Introduction
My professional experience with my clients indicates that all types of physicians generally think there must be some general scientific information available prior seeking detailed statistical advice. I wrote this article to show the reader that this is a fundamental scientific error from my view, under the assumption that your problem originates based on human patients living on our planet earth, and your key data are at least approximately continuous and quantitative. This information can be transformed as evidence that all human patients represent a big – but finite – sampling population. A report of United Nations displays for 2019 an estimated world population of 7713 million of people. Other statistical sources report an average population increase of 27 humans worldwide as difference of total number of births minus total number of deaths in every ten seconds.
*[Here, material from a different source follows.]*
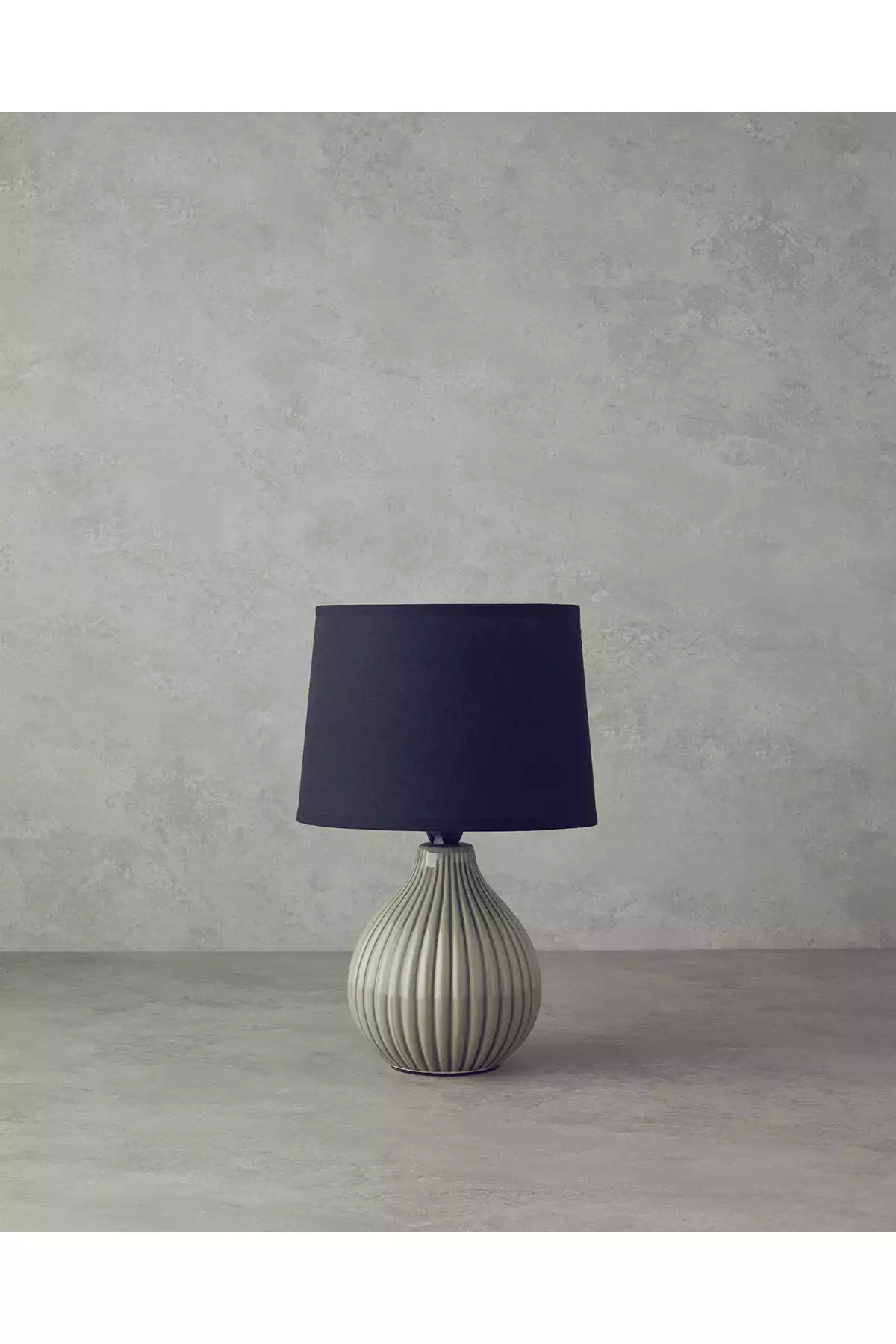 آباژور طوسی مشکی سانتی متر برند English Home کد 1757129349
There are substantial dynamics in the world population figures contained! The number of statistical methods has increased from about some twenty thousand in the years around 2000 by about a factor of two or even more until today based on an internal assessment due to all the many big data and other developments. The concept of parameter free tolerance limits based on a theorem from Wilks [1] and its application in the frontiers of science will be discussed herein.
Methods
The theorem of Wilks describes the functional connection between the percentage share of the true population data in a random sample of size n with desired confidence levels in the interval between the minimum and maximum of any continuous data distribution sampled from an infinite population. In my experience over some five decades of professional statistical work, I would judge the finite world population is just causing negligible error in the requirement of an infinite sampling population.
Some Numerical Examples
1) In case you plan a pilot study with six patients. You
want to know at the routine 95% confidence level in statistics
which percentage of the data of the unknown and otherwise
unspecified distribution are contained between the smallest
and largest data point. The answer is 42%.
2) In case you reduce the level to 90% then the answer will
be 49% or about half of the true distribution.
3) In case you liked to increase your confidence level to
99.9% then your sample interval between the extreme values
will cover only about 18% of the true distribution.
4) In case you plan a study with given confidence levels and
given percentage share of the unknown true distribution then
you can solve the Wilks equation to find the necessary sample
size n.
5) In case you were satisfied with a 90% confidence level for
a pilot study and you would like a safety level of coverage of
90% of the unknown distribution then your sample size must
be 38.
6) In case you want to change the 90% to 95% as statistical
safety level in the above example then your sample size should
be 100. An increase to 99% in the previous example would
require a sample of 600.
7) I think in the early stages of medical research these
considerations have tremendous implications: In case your
priority is safety then you want to expose only six patients to a
new treatment scheme, but the price in lack of statistical power
for your primary goals seems to me too high.
8) In case you needed a sponsor’s support for your research
you can benefit from scratch with the ethical review board for
your project: You could sketch a plan that after a very safety
oriented first phase with a sample size in the range from 6 to
38, the second step should be planned with sample sizes about
100 to 600. In this second development time period you have
then at least a solid sample size basis for the solid application
of sample size calculations for subsequent marketing or other
required authorizations for your research in case of success in
every project step.
9) In my professional activities I could very frequently
observe that projected phase III studies failed due to an
insufficient quality of the estimates of the standard deviations.
I think this proposed approach of tolerance intervals can assist
to prevent those expensive experiences with a high level of
safety from a statistical perspective.
Conclusion/Discussion
My experience indicates that even at university level educated professional statisticians have seldom the concept of tolerance limits in their minds when they are consulted in the study planning phase. A clear limitation of this article is the omission of implications of multiple testing or calculations of tolerance limits for the actually planned treatment group(s) in a future study. In my view the gain in safety of future decisions is worth the relatively benign, consequential sample size increases. Another limitation is that the formulae used here do not apply for categorical yes/no variables but are restricted to continuous data. It should be noted that additional techniques based on the same mathematical principles are available in the statistical literature. Ordinal data with a small number of gradings might be used as very crude approximations only. I think that the most important impact on the usage of tolerance intervals is the availability of reliable estimates for the treatment and control group’s sample size and the subsequent estimation of standard deviations and other distributional parameters prior big decisive studies are envisaged minimizing financial risks for any type of sponsor or researcher budgets. The costs of medical interventions expressed in currency units, despite being exactly a discrete variable, for health technology applications in the context of economic evaluations induce in the medical context only negligible errors and can be safely categorized as continuous. In my view these techniques of tolerance limits help to improve the quality of research projects. Modern information technology infrastructures offer today very economical tools for complex calculations with unprecedented end user comfort. Overall, the question in the title could get in my view a clear YES, if you knew this theorem of Wilks and used it in your scientific work.